In the early days of helicopter development, the ability to hover was mastered before there was success in attaining forward flight. The early attempts at forward flight resulted in the helicopter rolling over when it tried to depart from the hover and move in any direction. The cause of the rollover is what we now refer to as dissymmetry of lift.
When a helicopter is in a hover, all the rotor blades are experiencing the same velocity of airflow. When the helicopter starts to move, the velocity of airflow seen by the rotor blades changes. For helicopters built in the United States, the main rotor blades turn in a counterclockwise direction when viewed from the top. Viewed from the top, as the blades move around the right side of the helicopter, they are moving toward the nose; as they move around the left side of the helicopter, they are moving toward the tail.
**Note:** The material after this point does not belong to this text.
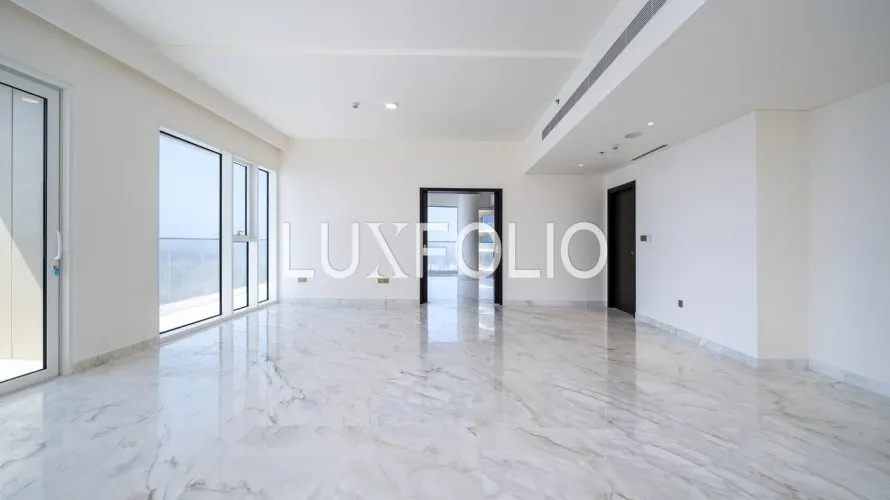 Apartamento de 3 dormitorios en EMAAR Beachfront, UAE No. 999 № 1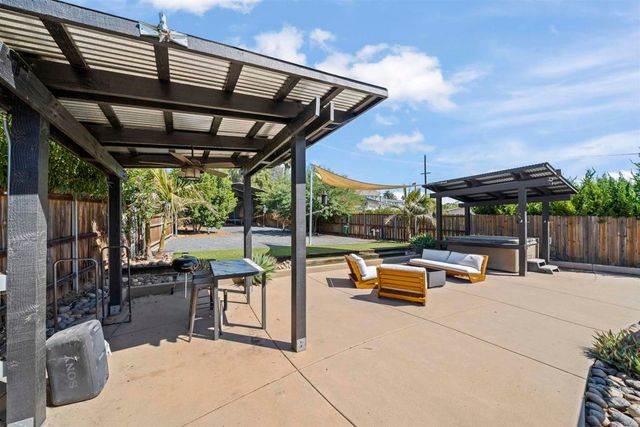 1722 San Pasqual Valley Road, Escondido, CA 92027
When the helicopter starts moving forward, the blade on the right side is moving toward the relative wind, and the blade on the left side is moving away from the relative wind. This causes the blade on the right side to create more lift and the blade on the left side to create less lift. Figure 3-94 shows how this occurs.
In Figure 3-94, blade number 2 would be called the advancing blade, and blade number 1 would be called the retreating blade. The advancing blade is moving toward the relative wind, and therefore experiences a greater velocity of airflow. The increased lift created by the blade on the right side will try to roll the helicopter to the left. If this condition is allowed to exist, it will ultimately lead to the helicopter crashing.